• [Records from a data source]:
BEGIN

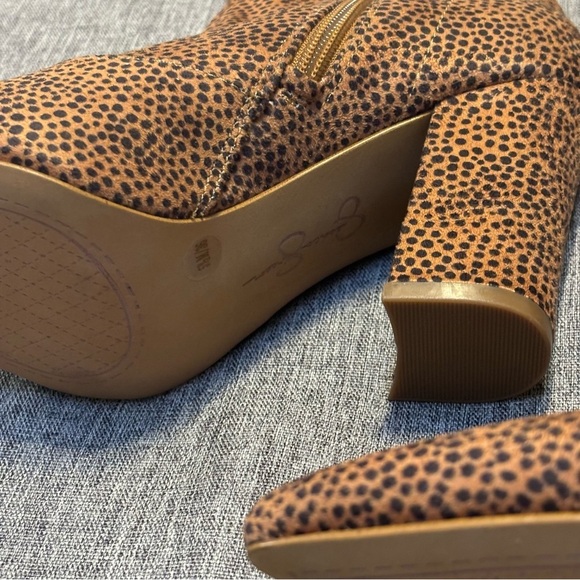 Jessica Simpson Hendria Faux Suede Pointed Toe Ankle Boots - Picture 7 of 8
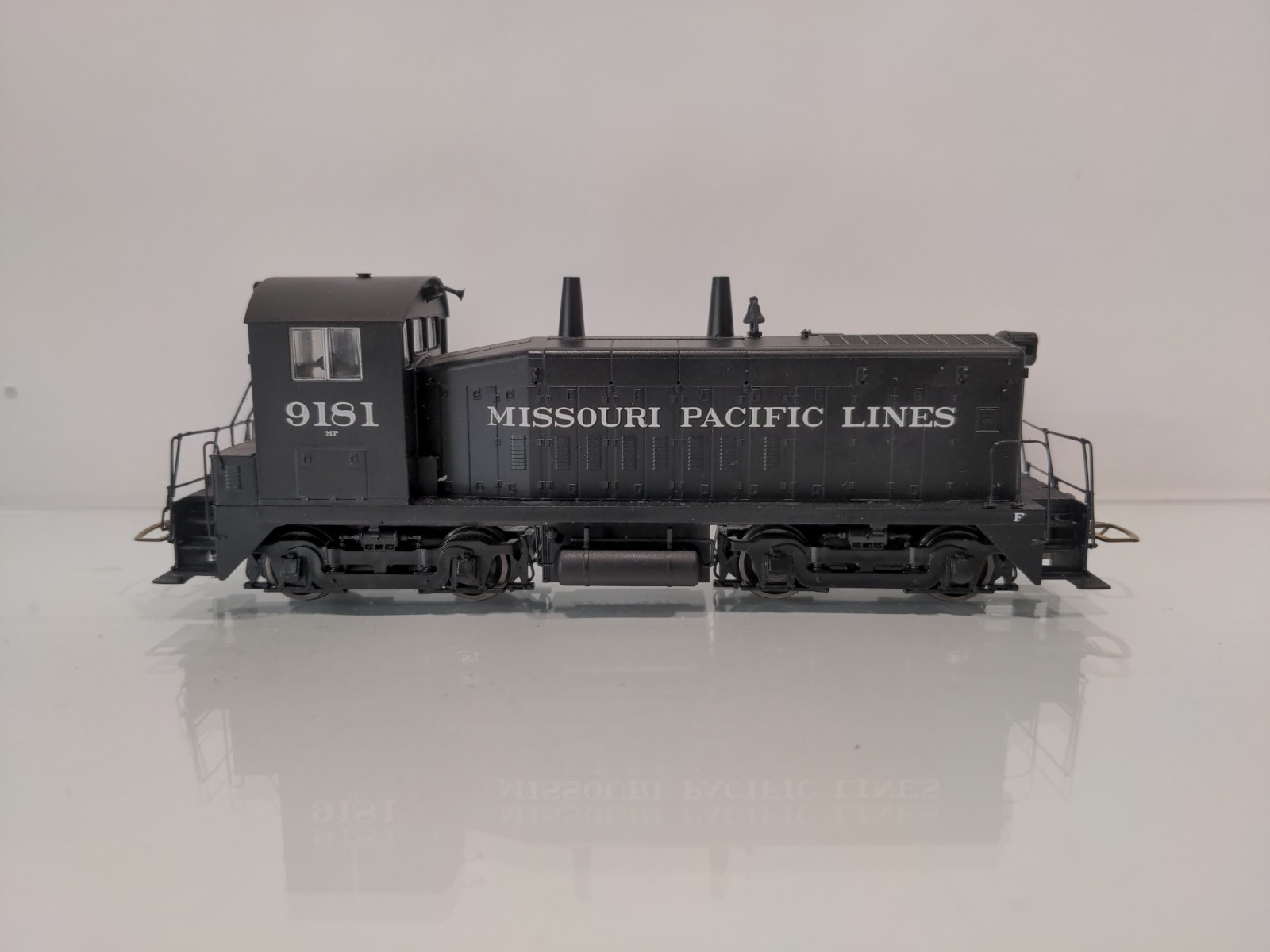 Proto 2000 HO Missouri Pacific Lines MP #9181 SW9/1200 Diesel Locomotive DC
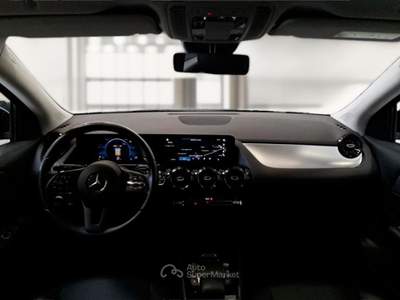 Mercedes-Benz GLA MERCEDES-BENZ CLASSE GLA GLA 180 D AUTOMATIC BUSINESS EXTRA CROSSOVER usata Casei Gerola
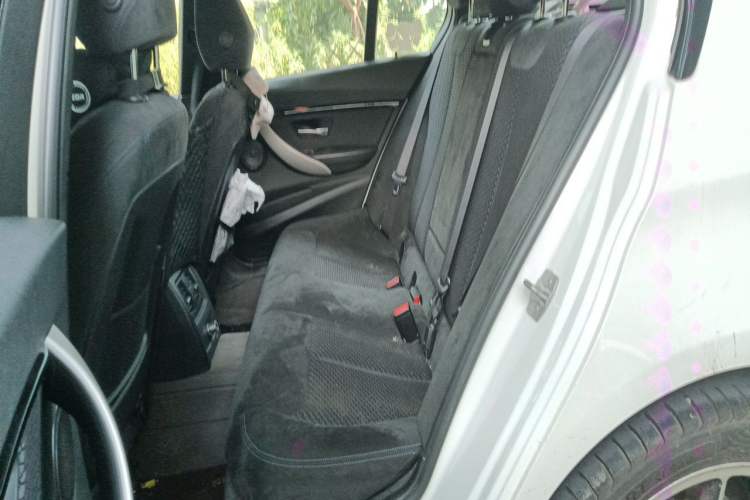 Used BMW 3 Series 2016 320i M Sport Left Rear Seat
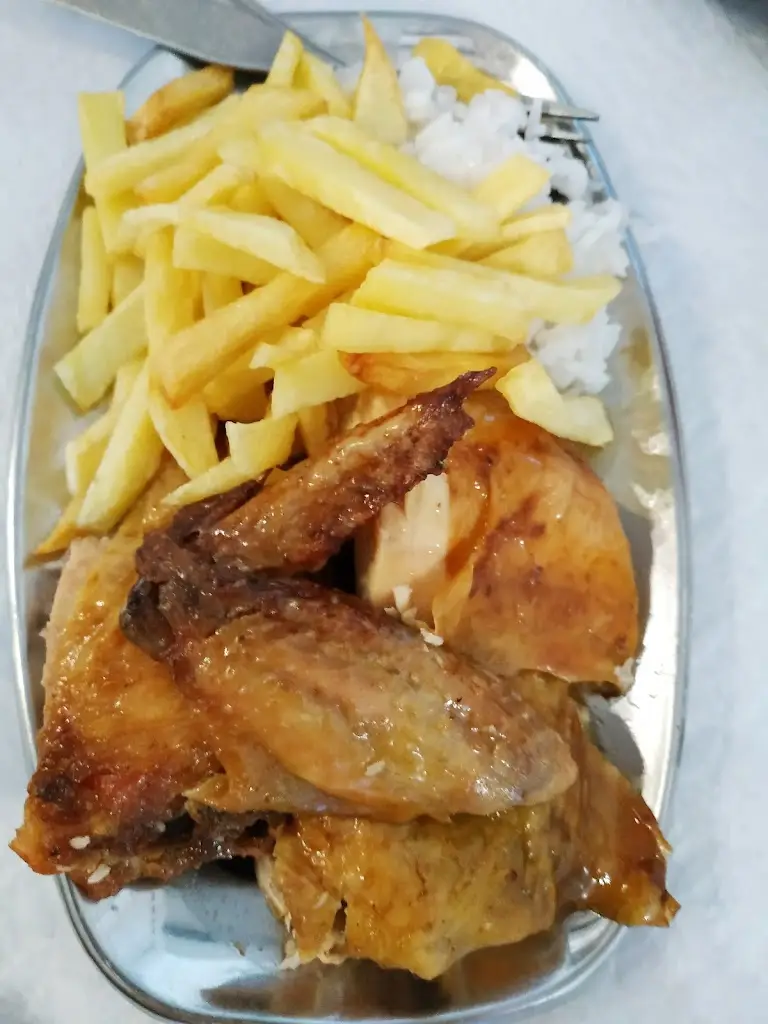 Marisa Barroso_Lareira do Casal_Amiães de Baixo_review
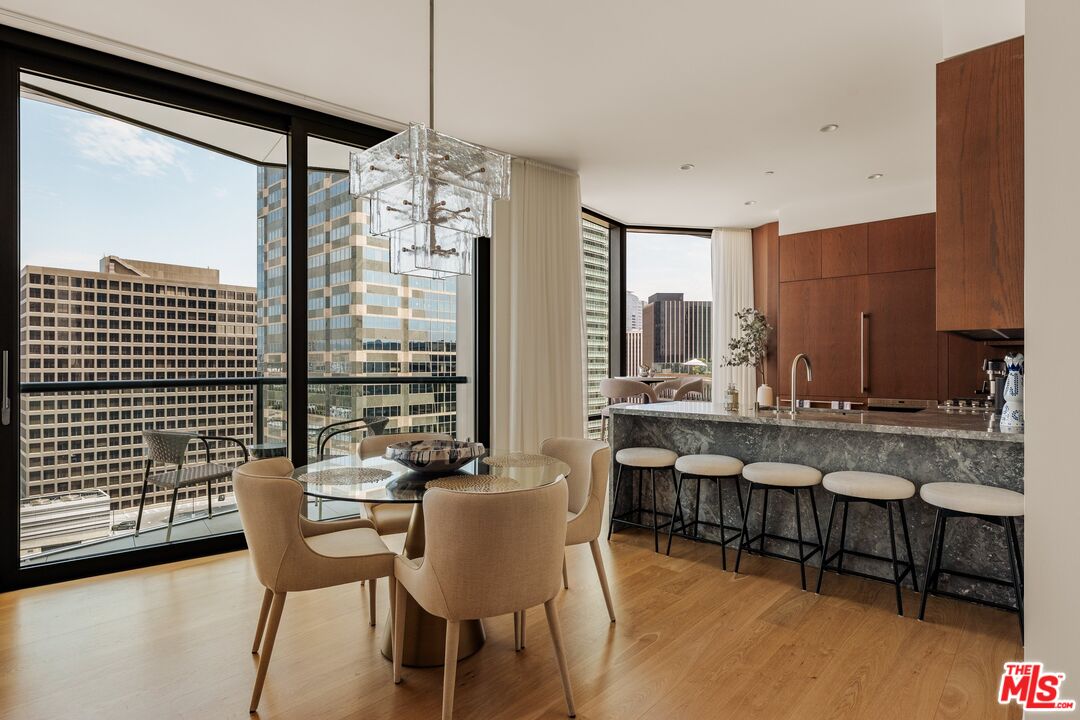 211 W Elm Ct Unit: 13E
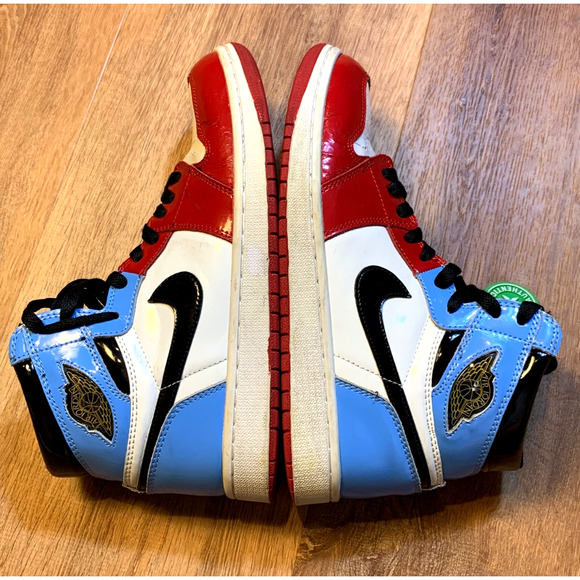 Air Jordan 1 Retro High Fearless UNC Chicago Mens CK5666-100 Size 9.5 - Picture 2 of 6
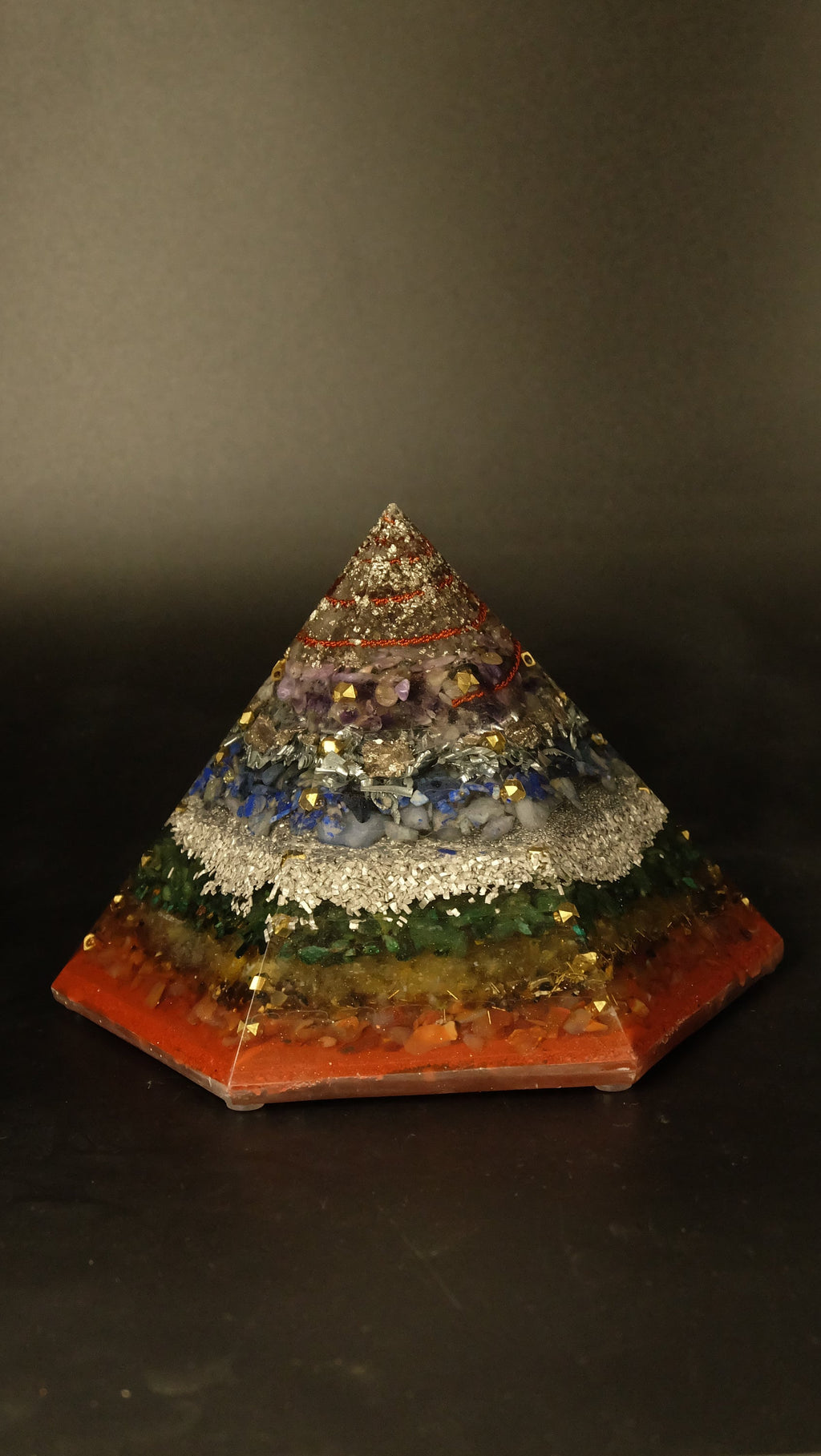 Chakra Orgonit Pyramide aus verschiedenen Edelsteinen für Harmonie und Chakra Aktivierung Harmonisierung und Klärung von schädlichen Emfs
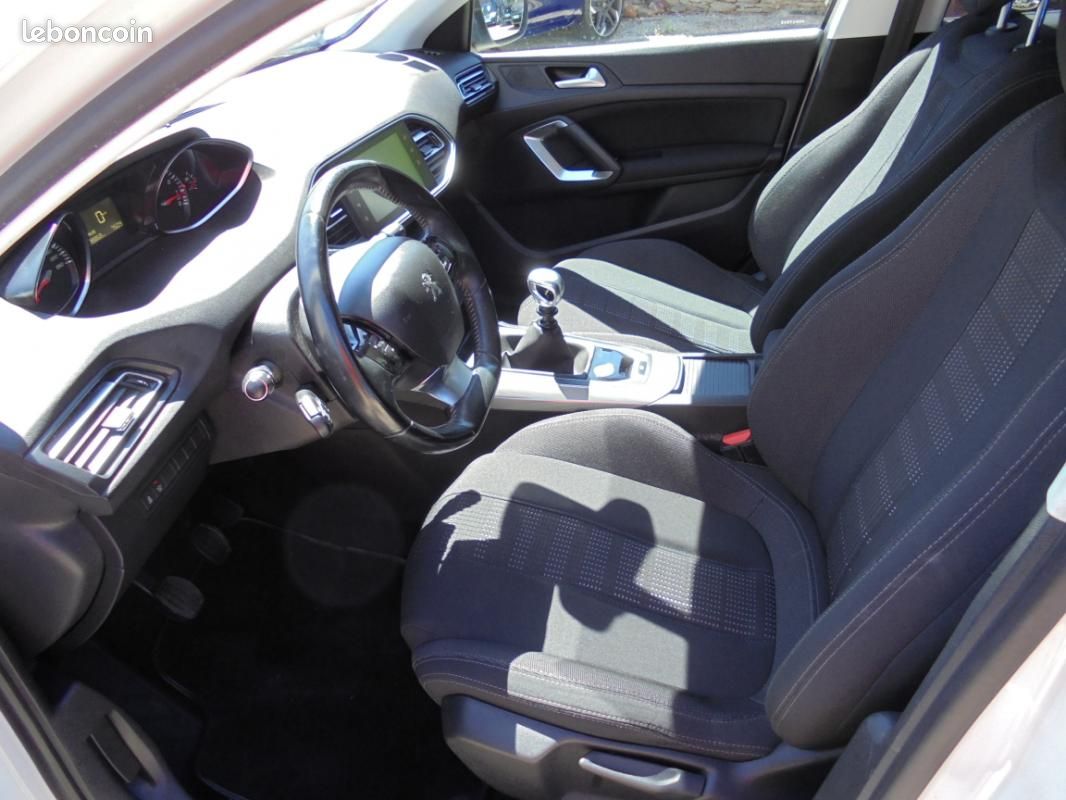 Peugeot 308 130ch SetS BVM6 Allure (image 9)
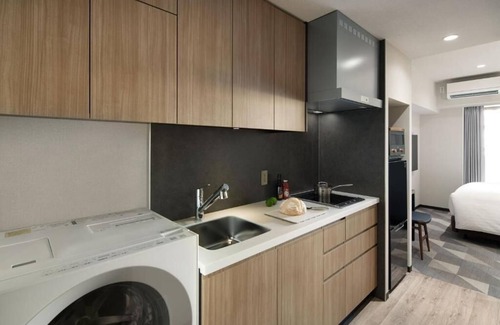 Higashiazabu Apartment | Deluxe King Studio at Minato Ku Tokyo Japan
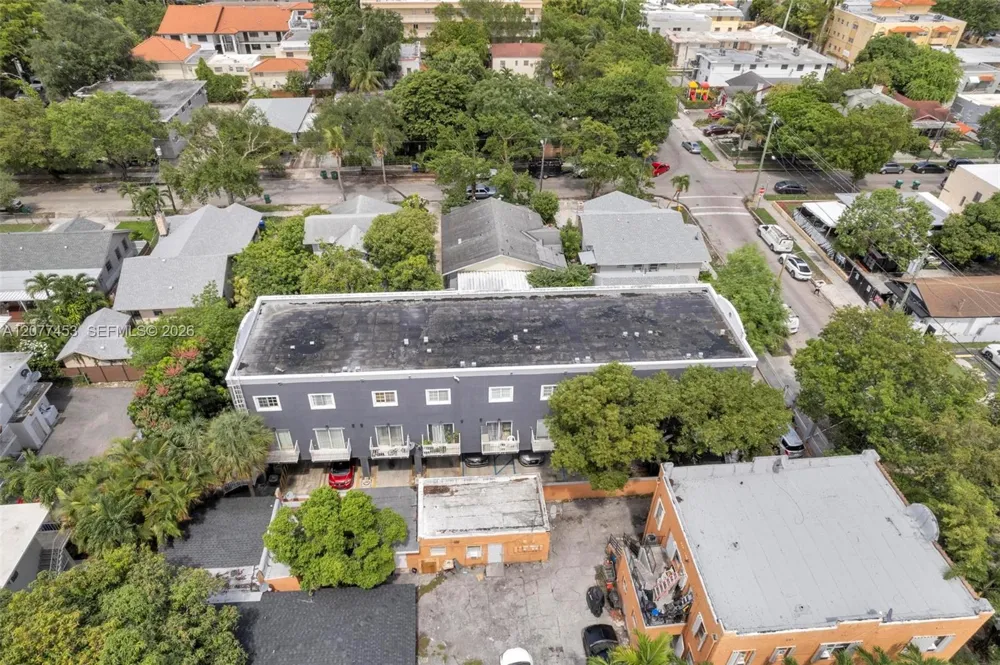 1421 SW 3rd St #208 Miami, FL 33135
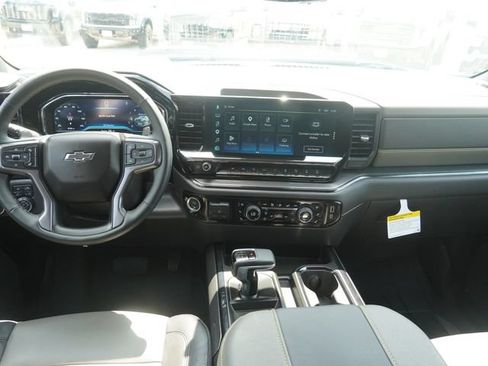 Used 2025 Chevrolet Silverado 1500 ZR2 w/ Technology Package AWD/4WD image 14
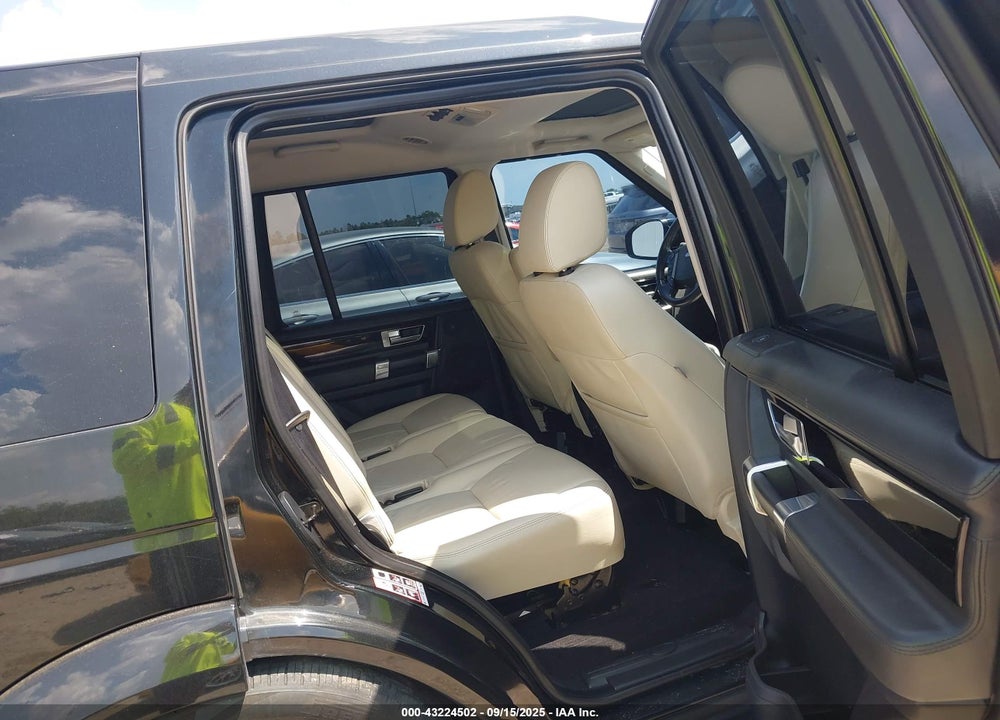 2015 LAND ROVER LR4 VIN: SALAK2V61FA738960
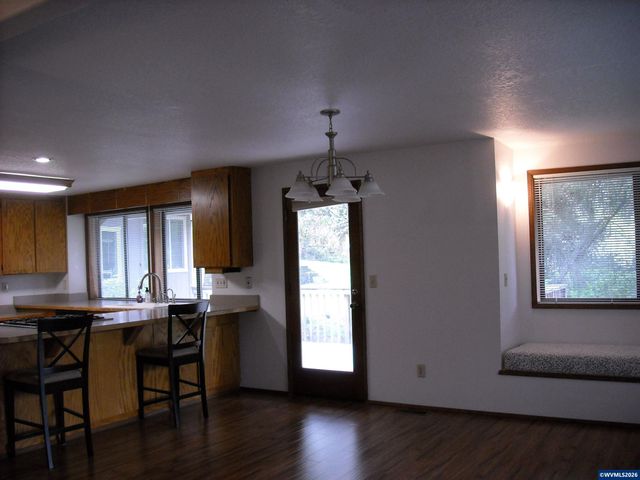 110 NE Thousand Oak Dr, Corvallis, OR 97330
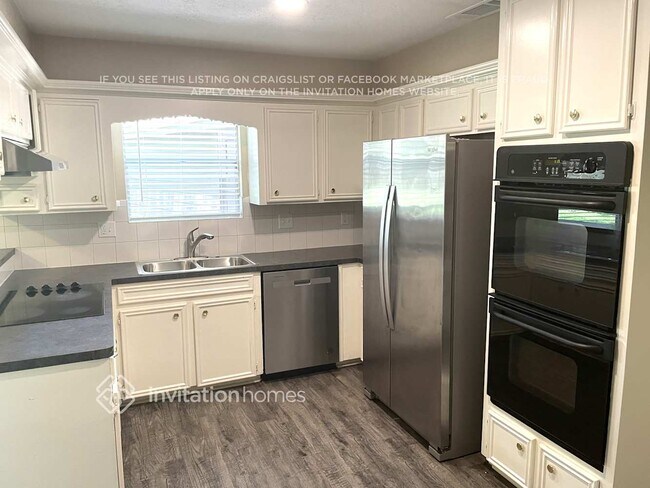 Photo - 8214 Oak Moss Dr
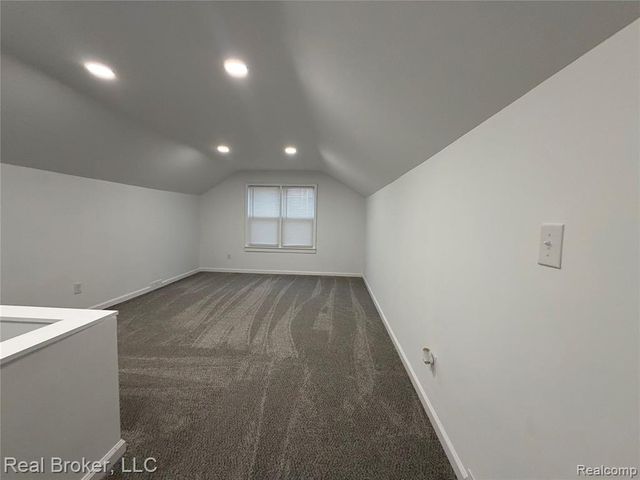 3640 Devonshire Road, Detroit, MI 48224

END

• [How to complete this task]: From the line containing "Peugeot 308 130ch SetS BVM6 Allure (image 9)" through the last line of the data above, write out every line word for word, and nothing else. Do not include the pictures.

• [Answer to the exercise]:
 Peugeot 308 130ch SetS BVM6 Allure (image 9)
 Higashiazabu Apartment | Deluxe King Studio at Minato Ku Tokyo Japan
 1421 SW 3rd St #208 Miami, FL 33135
 Used 2025 Chevrolet Silverado 1500 ZR2 w/ Technology Package AWD/4WD image 14
 2015 LAND ROVER LR4 VIN: SALAK2V61FA738960
 110 NE Thousand Oak Dr, Corvallis, OR 97330
 Photo - 8214 Oak Moss Dr
 3640 Devonshire Road, Detroit, MI 48224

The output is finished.